Bregman tem 32 anos. Cresceu nas décadas de ambos os lados do milênio, nas quais grandes batalhas ideológicas eram consideradas uma coisa do passado.

Li seu último livro – Utopia Para Realistas – durante meu isolamento. Uma visão idealista que muitos descartariam como pura fantasia, mas faz pensar.


VEJA A SÉRIE COMPLETA 'UMA CONVERSA COM LUCIANO HUCK' :


Luciano Huck: Você é parte de uma nova legião de pensadores ativistas. Tem 32 anos e já está guiando importantes tópicos do debate público ao redor do mundo. Jovens como você, Alexandria Ocasio-Cortez, do Congresso americano, e Greta Thunberg são iluminadores de uma nova utopia. O Brasil é um país em que praticamente não há mobilidade social. Segundo a Organização para a Cooperação e Desenvolvimento (OCDE), demora nove gerações para que um brasileiro que nasceu em uma família pobre alcance a média da classe média. Em outras palavras, as pessoas aqui não têm nem sequer o direito de sonhar. O que dizer a elas?
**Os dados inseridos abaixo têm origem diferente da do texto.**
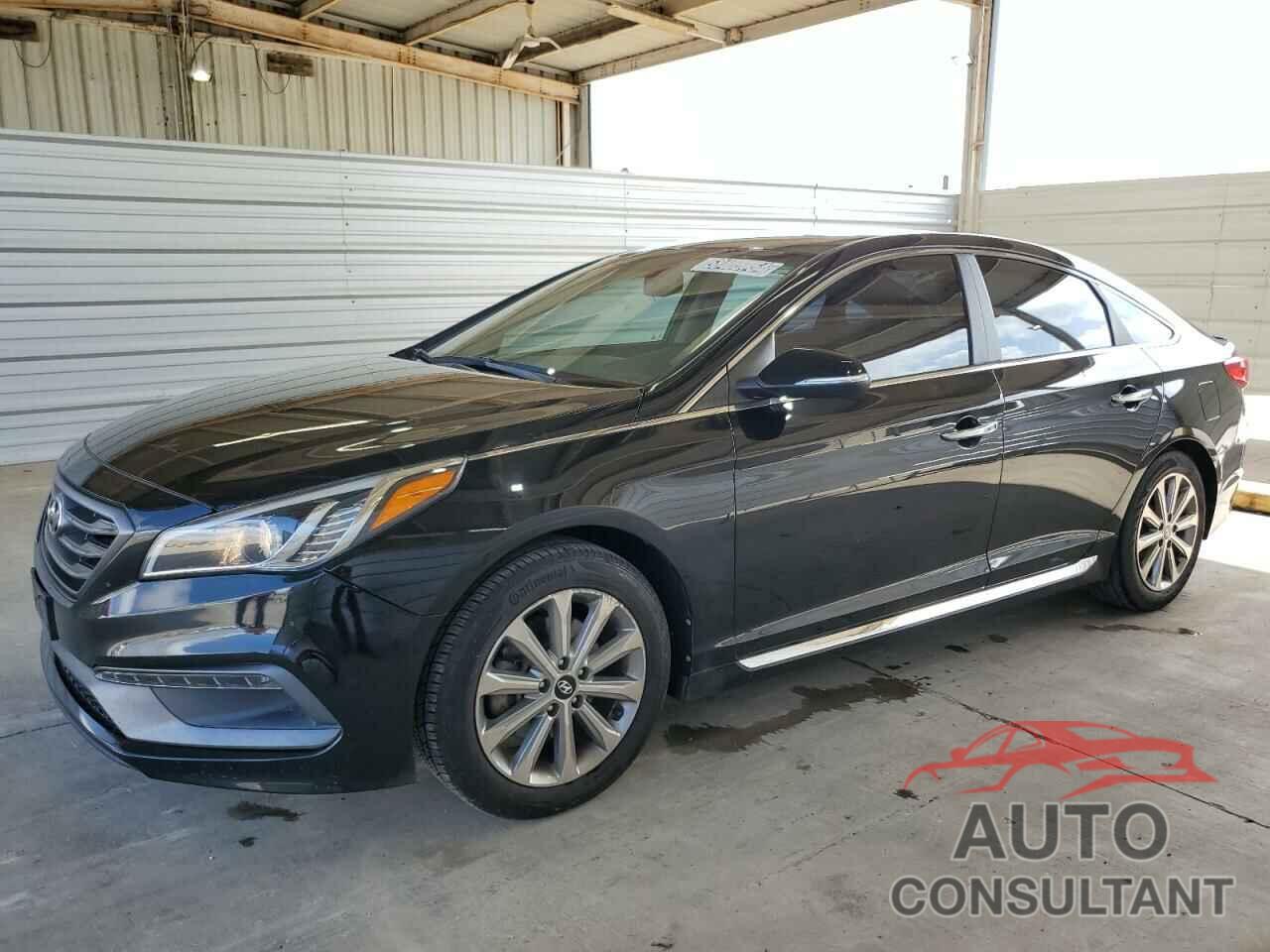 HYUNDAI SONATA 2017 - 5NPE34AF2HH558521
Há uma utopia possível para esta geração?

Rutger Bregman: Devemos começar reconhecendo que todo marco histórico da civilização em algum momento foi uma fantasia utópica. Quando pensamos na abolição da escravidão, na ascensão da democracia, no nascimento do Estado do bem-estar social... tudo isso começou com pessoas que, no princípio, foram descartadas e consideradas loucas, irrealistas, irracionais. Com pessoas que não foram levadas a sério. No entanto, em determinado momento, a ideia da mudança conquistou a maioria. É nisso que eu me interesso como historiador. Como é possível que ideias em princípio bizarras ou mesmo ridículas se desloquem para a corrente principal e acabem mudando a história do mundo? E nós estamos vendo isso acontecer.

Luciano Huck: Seu livro mais recente se dispõe a discutir como construir um mundo melhor usando a utopia como importante ferramenta, com pensamentos arrojados e ideias inovadoras. O que mudou na sua visão depois da pandemia?
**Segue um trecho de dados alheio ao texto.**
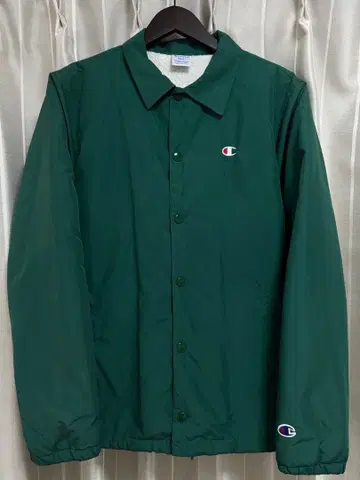Champion 그린 나일론 자켓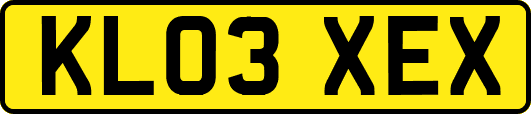 KL03XEX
Rutger Bregman:  Nos últimos 40 anos, vivemos a era neoliberal. O neoliberalismo é uma ideologia que nasceu em meados dos anos 50 com um grupo de pensadores muito importantes, incluindo os economistas Milton Friedman, americano, e Friedrich Von Hayek, austríaco. Eles acreditavam que o mercado poderia resolver tudo, que as empresas e negócios poderiam salvar tudo desde que o governo saísse da frente e nós abolíssemos todas as regras, diminuíssemos os impostos, etc. A desigualdade não seria um problema – desde que deixássemos os negócios livres, poderíamos resolver qualquer coisa. Isso teve uma influência imensa, principalmente após os anos 70 e 80, quando Ronald Reagan foi eleito nos EUA e a Margaret Thatcher foi eleita no Reino Unido. Eu nasci em 1988, um ano antes da queda do Muro de Berlim, e, especialmente depois da queda, as pessoas tinham essa ideia de que havíamos chegado ao “fim da história”, de que o comunismo tinha perdido e o capitalismo tinha vencido, de que esse modelo de capitalismo democrático era tudo o que restava e não havia mais nenhum grande problema a se resolver. Obviamente é muito difícil de acreditar nisso em 2020. Nós vimos o Brexit, a eleição de Donald Trump, vimos a ascensão de líderes autoritários pelo mundo, como Modi na Índia e Jair Bolsonaro no Brasil, vimos uma pandemia, a covid-19, mudar completamente nosso mundo.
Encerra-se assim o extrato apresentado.